Amidst this chaos and despair, we witness the courage of the men whose names we do not know. Our hero and his 199 colleagues work tirelessly in shifts of fifty persons and at great personal cost to prevent the nightmarish scenario of meltdown. The government has increased the standard of permitted radiation so that this remarkable team of atomic workers can work on. Their families have not called them back in the full knowledge that they may perish. During this month of Adar Sheni, we hear the echo of Queen Esther’s voice: ‘cha’asher avadeti, avadeti’ – ‘and if I perish, I perish’ (Esther 4:16).

What unfathomable courage and sense of commandedness lie at the heart of these words.

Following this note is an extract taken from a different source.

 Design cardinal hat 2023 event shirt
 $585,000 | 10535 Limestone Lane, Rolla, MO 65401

This Shabbat touches upon Parashat Tzav, addressing the numerous sacrifices. The parasha opens with the issuing of a firm and eternally-binding command: ‘Tzav et Aharon v’et banav lemor, zot torat haolah hi’ – ‘command Aaron and his sons thus; this is the ritual of the burnt offering’ (Lev. 6:2) The text then goes on to speak on how the fire of the all-consuming offerings continues to burn ‘kol halailah ad haboker’ - 'all night until the morning'. Talmudic commentaries explain that no matter where the Israelites and their portable sanctuary sojourned, the fire burnt on, even when covered by a copper bowl.

The tradition wants us to honour the sacrificial cult but we moderns find it legitimately troubling. What if we explore the metaphor and boldly re-read it in light of the tragedy in Japan? There lurks a danger in the Mishkan, a lethal type of holiness, almost like radioactivity. We read in the second book of Samuel (6:6), for instance, that when one touches the Ark of the Covenant, one instantly dies as happens to the Biblical character Uzzah.

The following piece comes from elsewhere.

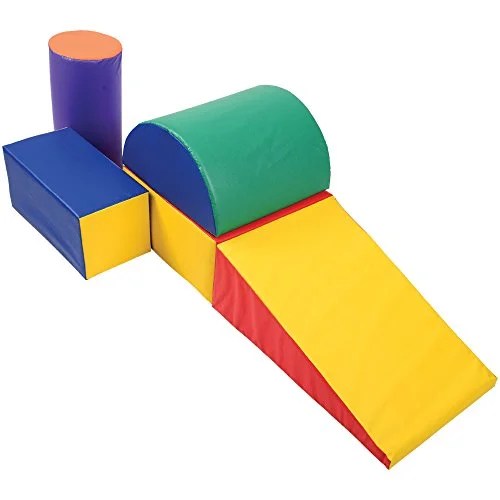 Foam Climbers for Toddlers Climbers and Slides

The supernal sacrificial fires are forces beyond human control. And yet the priests are commanded to feed the flames and bring offerings, ‘lehakriv’, to draw near these awesome forces. We will learn more of the dangers in next week’s reading of Parashat Shemini. Here, the overzealous sons of Aaron, Nadav and Avihu bring ‘esh zara’, strange fire, as an offering (Lev 10:1-3). They are instantly consumed. Moses offers empty words and Aaron replies with silence.

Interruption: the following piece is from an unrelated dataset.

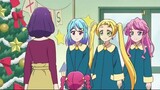 Aikatsu Friends! Episode 37 - Merry Friends Christmas (Sub Indonesia)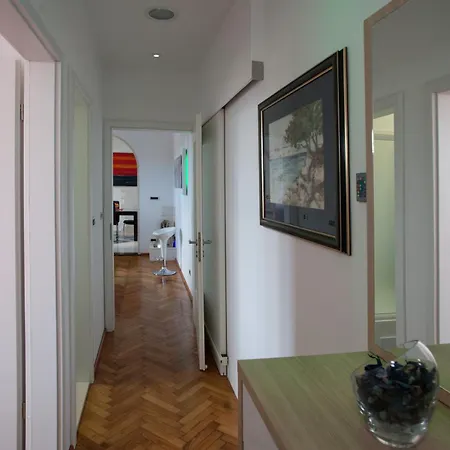 Guest house And Perfect Dream In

Perhaps, in a twisted manner, the Torah warns us to take utter care with the unseen forces of divinity, whether locked up in the hearts of sacred flame or the cores of unstable atoms. Perhaps our Japanese nuclear technicians are like latter-day Cohanim, who in a dark re-envisioning of the sacrificial cult, try to stay the power of the fire. And perhaps each of us can ponder the consequences on how we should fuel our world.

Words of moral courage and steely resolve can be immensely powerful but only when they galvanise us. Else, words remain hollow, starving hope. In the coming days, we will hear many empty words. Pledges of political leaders to ‘investigate’ and ‘reconsider’ nuclear energy. Fears of economists that the Yen will continue to plummet, a concern that borders on the obscene when seen through the lens of human suffering. Grisly media reports that may either shock or numb us in the face of enormity. Even the sermons of well-intentioned rabbis and community leaders will ring hollow if their meaning is not followed by action.
And action is shaped by duty and sacrifice.

We may and must be thankful that our sacrifices need not be so dire nor the command so severe. Yet there are many other ways in which we can choose to stand and act and bring our offerings, giving wings to words, fullness to promise and power to meaning. Let us all think about the ways in which we may be able to help Japan. Let us act to help further a vision of a world were solidarity is the immediate response to disaster, where the value of human life trumps that of the stock market and where we will keep the command to remember our true heroes.
Let us work to fill hollow words can be with hope so that they may become crucibles in which we forge solidarity, compassion and resolve.